What is required:
Copy the listing below exactly. Pictures stay out of it.

------------------------------------------------------------------------

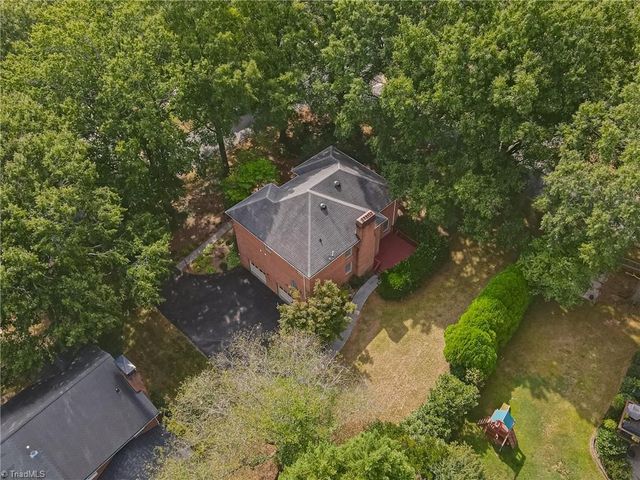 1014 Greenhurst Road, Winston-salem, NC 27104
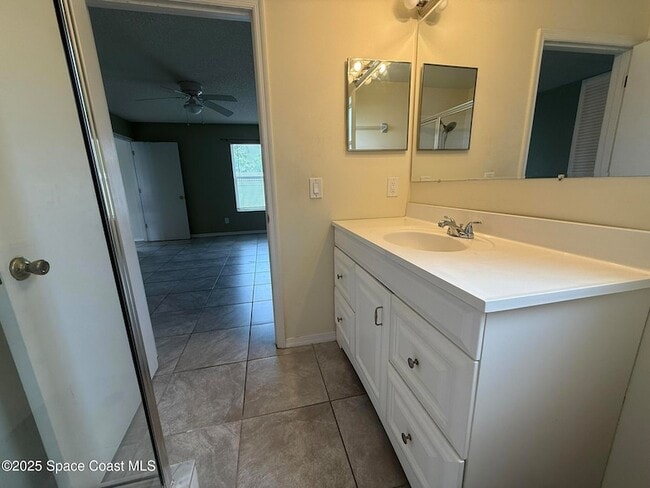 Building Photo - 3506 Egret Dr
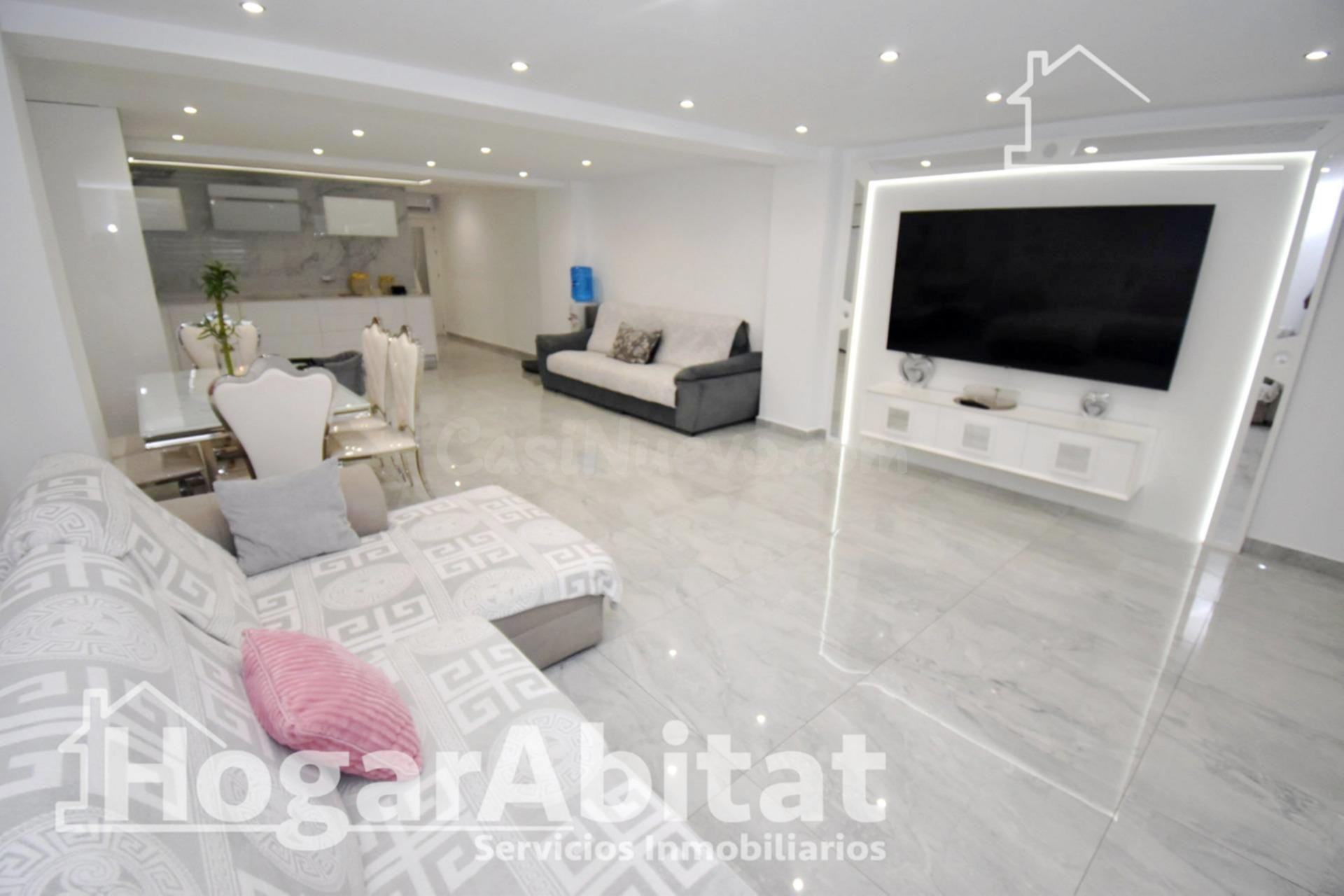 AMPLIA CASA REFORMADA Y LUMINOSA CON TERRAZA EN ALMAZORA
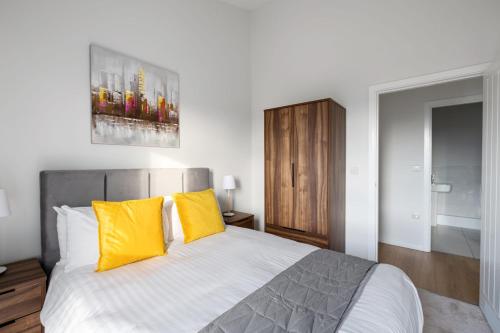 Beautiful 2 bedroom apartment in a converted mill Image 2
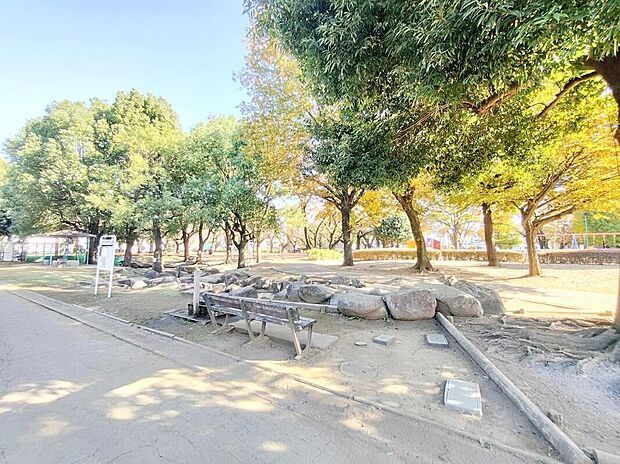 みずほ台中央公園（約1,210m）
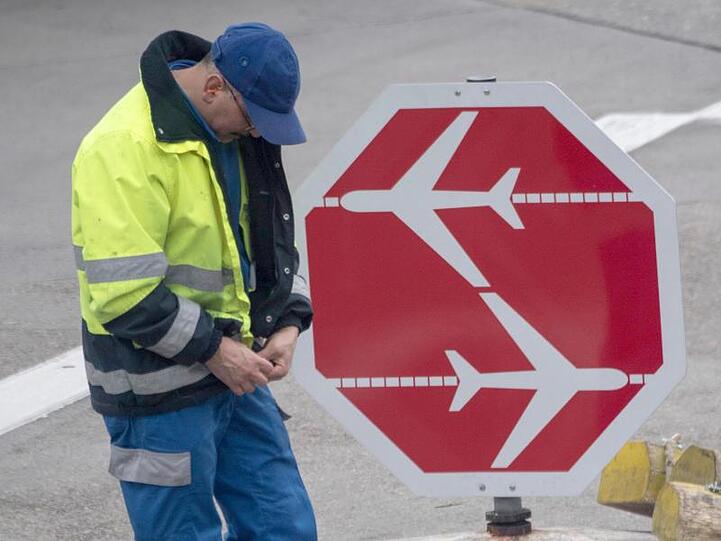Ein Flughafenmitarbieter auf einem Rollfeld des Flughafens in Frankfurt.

------------------------------------------------------------------------

Solution for this task:
 1014 Greenhurst Road, Winston-salem, NC 27104
 Building Photo - 3506 Egret Dr
 AMPLIA CASA REFORMADA Y LUMINOSA CON TERRAZA EN ALMAZORA
 Beautiful 2 bedroom apartment in a converted mill Image 2
 みずほ台中央公園（約1,210m）
Ein Flughafenmitarbieter auf einem Rollfeld des Flughafens in Frankfurt.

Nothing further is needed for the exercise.